As a bit of a recap of the current state of the compiler, today rustc will by default create one codegen unit which is fed to LLVM for optimizations and code generation. This basically means that your entire crate is compiled to one object file which is then eventually fed to the linker at a later date. Due to a variety of factors rustc tends to generate quite large single codegen units which then naturally takes quite some time in LLVM!
These huge modules we’re sending to LLVM are one of the most fertile grounds for optimization. There’s various tricks you can employ as a crate author to reduce the size of the codegen unit sent to LLVM, but we’ve also been investigating ways of optimizing codegen units as they are today. One of the most obvious optimizations to look at first is parallelization! LLVM is, however, not parallelized internally during these phases which means that while you’re waiting for the large codegen unit to be optimized and/or translated to machine code you’re just burning one CPU on what is likely an otherwise-idle multi-core system.

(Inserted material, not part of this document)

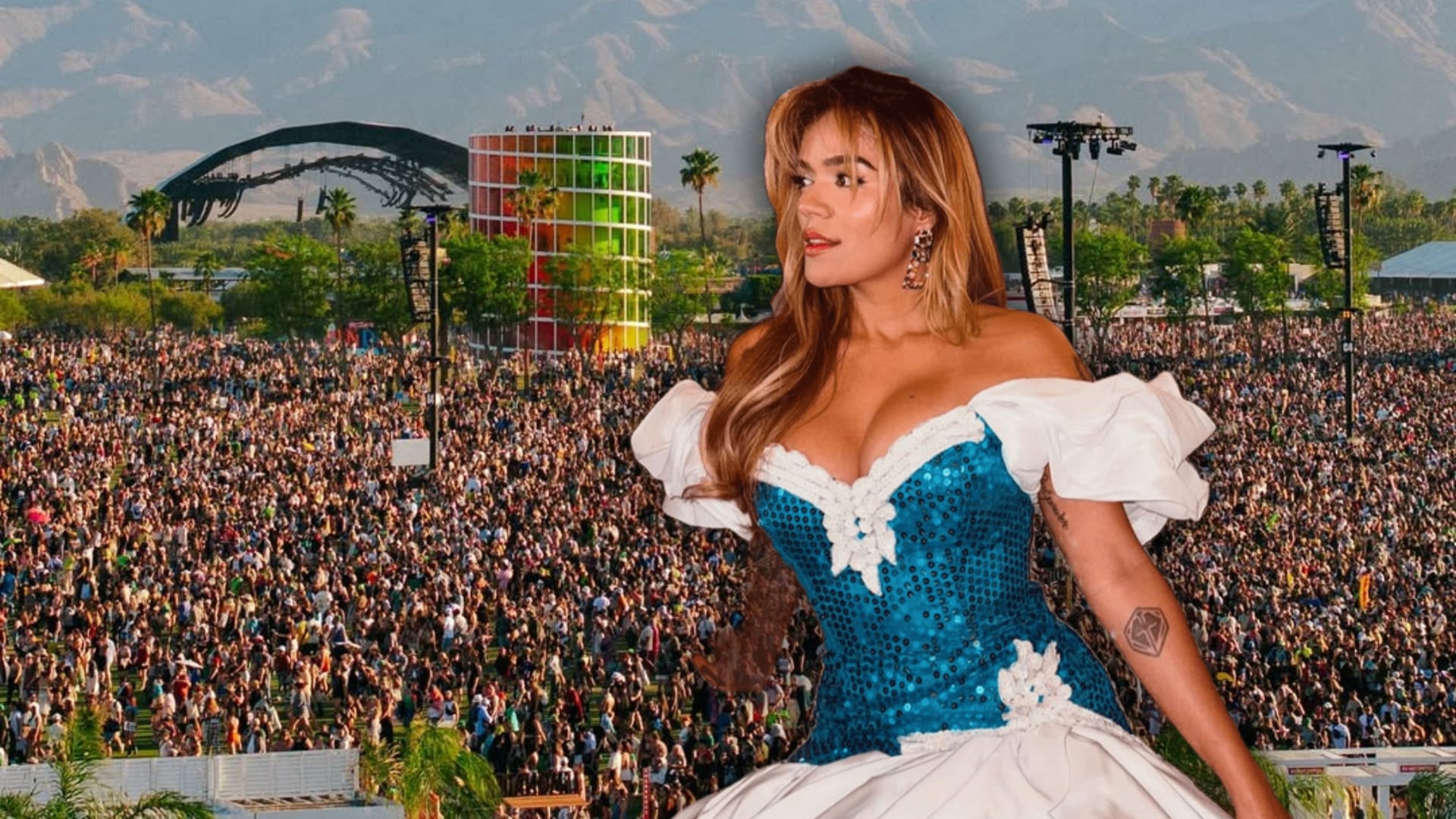 Karol G marcó un hito como la primera artista latina en encabezar el cartel de Coachella y se ubicó entre los cinco espectáculos más visualizados - crédito @karolg @coachella / Instagram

It turns out that for quite some time we’ve actually had the ability to
run optimization passes and code generation in parallel. You can see this in
action today by configuring your project’s Cargo.toml
:
[profile.release]
codegen-units = 32
This instructs rustc to split the one large codegen unit into 32 different portions. Each codegen unit is then submitted to LLVM in parallel which ensures that we’re always using all your cores for doing work while compiling a crate. This sounds great, but you may be wondering why we haven’t turned this on by default! Unfortunately it turns out that multiple codegen units don’t come without their downsides.
One of the first problems we ran into with multiple codegen units was managing
all this parallelization across multiple instances of rustc. For example if
Cargo spawns 10 rustc processes and then each of those rustc processes spawns 30
separate threads that can quickly overload a system! To solve this we
implemented a jobserver in Cargo, an implementation of a GNU
jobserver. This, when integrated into rustc, effectively
enabled a global rate limit for Rust compilations, ensuring that cargo build -j10
indeed never had more than 10 units of work at any one point in time.
The next problem we ran into was that rustc was consuming excessive amounts of memory! The problem here was that we would build up all codegen units in memory and keep them all there before we submitted them to LLVM. Worse still, while working on some codegen units all the others were just sitting idle in memory. To solve this problem we implemented "async translation" which enabled rustc to optimize/code generate code in parallel with translation to LLVM. Better still we’d pause translation of code to LLVM when enough codegen units were ready. Overall, this helped keep memory under control when lots of codegen units came into the picture.
The final problem we’ve now faced (modulo a huge slew of other assorted bugs) is that codegen units hurts runtime performance! Rust has almost always compiled code in one codegen unit by default, and a large motivation factor for this is that it enables more inlining and optimization opportunities in LLVM. When we split one codegen unit into many then LLVM loses optimization opportunities. Sure enough in practice this causes huge regressions as optimization in Rust relies so heavily on inlining.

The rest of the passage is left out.